Because bystanders are present in more than a third of opioid overdoses, hundreds of these deaths could have been prevented with naloxone, a lifesaving medication that is accessible, safe and easy to administer.
What is naloxone?
Naloxone is a medication that can save someone's life if they are overdosing on opioid medications, heroin, or other drugs (such as cocaine or methamphetamine) that are mixed or laced with the opioid fentanyl. Naloxone quickly reverses the effects of opioids and helps restore breathing in someone who is experiencing an overdose.
There are two Food and Drug Administration-approved formulations of naloxone: injectable and prepackaged nasal spray. The nasal spray, which is available as generic naloxone, Narcan or Kloxxado, may be easier for loved ones or bystanders without special training to use.
Who should carry naloxone?
People who are at high risk for opioid overdose — including those who take high dose opioid medications and those who use illicit opioids like heroin — should carry naloxone. Families with loved ones who are at risk should also have naloxone nearby. Because opioid overdoses sometimes happen in public places, anyone can carry naloxone and be prepared to respond as a community bystander. If you're at risk for an opioid overdose, let others know you have naloxone and where it is located.
Where can I get naloxone?
In Kentucky, naloxone is available without a prescription at many pharmacies and through community-based naloxone programs. Many syringe services programs also offer naloxone, along with clean needles and other harm reduction supplies.

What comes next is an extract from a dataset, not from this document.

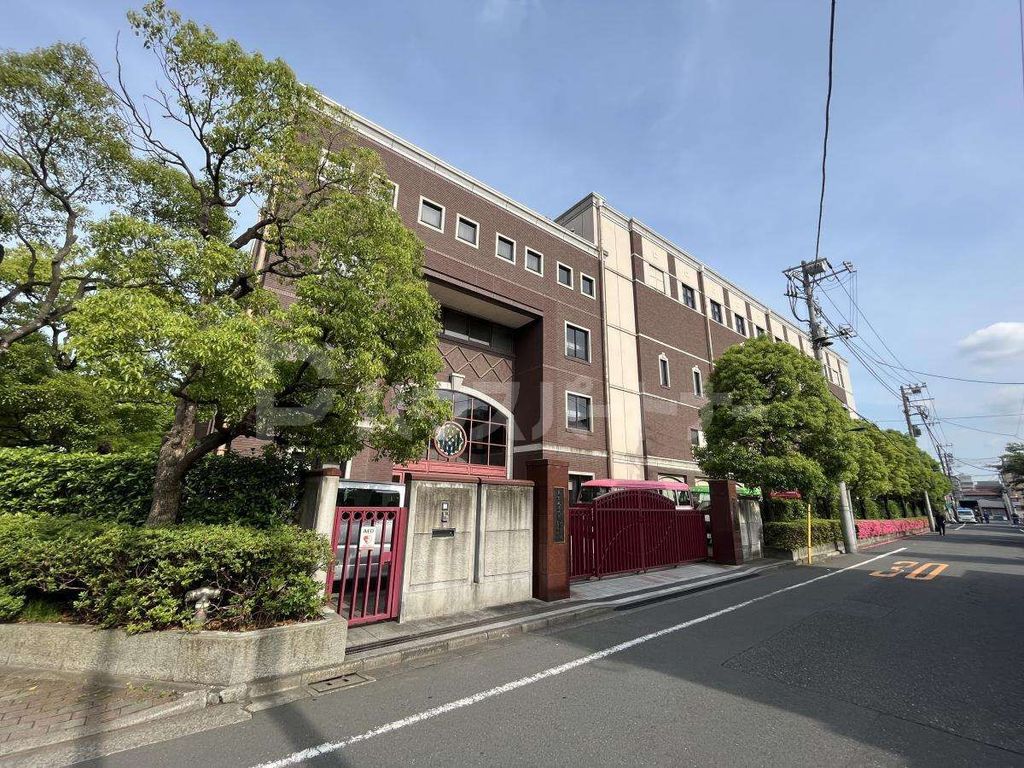 中学校　私立東京成徳大学中学校（中学校）まで1150m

Soon, naloxone nasal spray will be available over the counter (OTC) at pharmacies and other retail stores that sell OTC products.
To find a location near you where naloxone is available, visit the Kentucky Office of Drug Control Policy website at odcp.ky.gov/Stop-Overdoses/Pages/Locations.aspx.
When to use naloxone:
Signs of an opioid overdose may include: unconsciousness, very slow or shallow breathing, a limp body and not responding when called or touched.
If you suspect someone is experiencing an opioid overdose, call 911 immediately and give naloxone as quickly as possible. Naloxone is a temporary treatment that can help restore breathing but it's not a substitute for emergency medical care.